Many convenience stores and trucking companies still manage their data using spreadsheets, hard files, and paper. With these systems, companies cannot perform analyses at the pace needed to pinpoint — and stop — sources of loss.

With a comprehensive digital analytics solution, stakeholders can work together more efficiently to understand anomalies. It’s about pulling information together and then sharing those insights with personnel to examine operations with precision.

One benefit to a digital analytics system is the ability to monitor sites without being physically present. From afar, companies can monitor electric systems, ensure that equipment is performing effectively, and stay on top of sensor alerts.

Are dispensers being accessed at odd hours? Does tank system data reflect what’s being reported at the pump?

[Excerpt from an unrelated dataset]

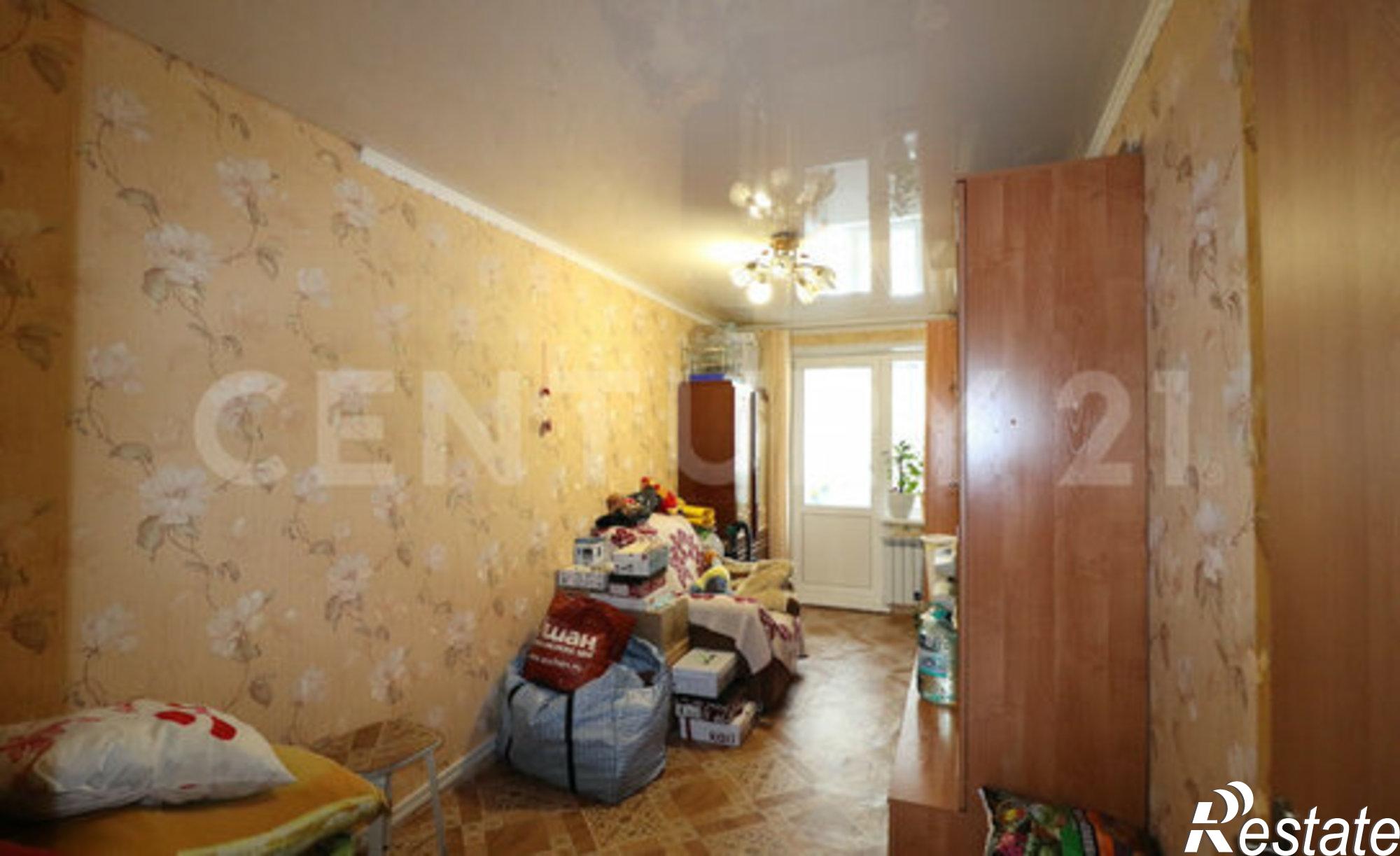 Купить квартиру за 4 500 000 рублей на ул Георгия Исакова, 251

For both convenience stores and fleets, operations are in nonstop motion. At gas stations,  people are constantly picking up nozzles to make purchases. On the road, truckers are laser-focused on safety and making stops when they need to rest.

Spreadsheets can’t move fast enough to keep up with this activity. While it may be possible to identify fuel loss or theft through manual processes, the effort required will be extensive. With an intelligent analytics system, it becomes easier to quickly identify the root cause of an issue — and recommend immediate resolutions.

2. Bridge Gaps with Vendors

Often, it’s a third-party company that’s responsible for managing a company’s fuel inventory. These vendors are well-aware of fuel theft; however, they are overseeing complex processes across multiple companies. Anomaly detection may be challenging given the lack of uniformity across systems.

For instance, Titan Cloud recently worked with a company that utilized six different approaches to retrieving information from data. It was a cumbersome and antiquated process. The company used Titan Cloud to install and manage equipment end-to-end.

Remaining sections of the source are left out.